Egypt's food history has a long and winding narrative with roots reaching back to the days when its vast terrain was governed by lavish pharaohs. Over the years, the country has developed a culinary scene that's largely vegetarian, mostly down to the fact meat is expensive. The country's relationship with vegetables and beans is also thanks to its fertile valley and Egypt's greatest asset – the Nile River.

Along Egypt's coastal regions like Alexandria, Marsa Alam, Sharm el Sheikh and Hurghada you'll find a selection of seafood, but on the whole you can expect an abundance of veggies and grains. Certain culinary traditions and dishes are also influenced by religious practices, especially those surrounding Ramadan and other periods of fasting.

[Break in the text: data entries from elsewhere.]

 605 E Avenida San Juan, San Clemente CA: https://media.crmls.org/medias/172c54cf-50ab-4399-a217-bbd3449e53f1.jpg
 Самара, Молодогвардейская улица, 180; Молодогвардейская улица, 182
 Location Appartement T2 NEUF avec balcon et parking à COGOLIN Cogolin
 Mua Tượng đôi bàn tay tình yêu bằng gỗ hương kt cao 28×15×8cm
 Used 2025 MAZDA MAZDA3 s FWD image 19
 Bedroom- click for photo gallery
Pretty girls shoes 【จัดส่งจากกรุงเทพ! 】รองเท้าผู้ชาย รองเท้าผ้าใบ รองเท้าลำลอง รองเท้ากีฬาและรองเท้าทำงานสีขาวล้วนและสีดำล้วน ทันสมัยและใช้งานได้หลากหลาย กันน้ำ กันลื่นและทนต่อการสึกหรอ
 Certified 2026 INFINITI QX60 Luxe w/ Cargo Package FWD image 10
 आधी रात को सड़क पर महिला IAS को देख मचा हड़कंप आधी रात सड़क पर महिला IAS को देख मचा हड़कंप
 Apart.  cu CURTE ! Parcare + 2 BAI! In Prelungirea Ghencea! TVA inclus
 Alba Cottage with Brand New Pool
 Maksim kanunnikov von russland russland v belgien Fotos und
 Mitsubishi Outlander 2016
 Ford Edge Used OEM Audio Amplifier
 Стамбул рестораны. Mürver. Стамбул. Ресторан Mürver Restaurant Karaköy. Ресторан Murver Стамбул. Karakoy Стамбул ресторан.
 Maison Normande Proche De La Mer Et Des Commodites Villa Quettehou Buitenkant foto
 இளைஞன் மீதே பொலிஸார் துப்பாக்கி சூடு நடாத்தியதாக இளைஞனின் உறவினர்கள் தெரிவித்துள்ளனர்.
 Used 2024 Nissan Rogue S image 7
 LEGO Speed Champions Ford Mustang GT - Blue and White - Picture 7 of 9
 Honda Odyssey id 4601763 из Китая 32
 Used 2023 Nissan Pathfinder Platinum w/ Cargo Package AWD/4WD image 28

The cuisine closely mirrors other Mediterranean traditions in some respects, but with a few tricks up its sleeve.

Egyptian staples

  • Bread is so imperative to Egyptian cuisine that the Arabic word for bread is 'aish', which also means 'life'. On a whole, aish is prepared with a very simple recipe of wheat flour, water and salt, making a very thick, pitta-like bread.

  • Fava beans are mixed together to create a number of Egyptian dishes like ful medames – very similar to houmous – and falafel, which is believed to have originated in Egypt before spreading throughout the Middle-East.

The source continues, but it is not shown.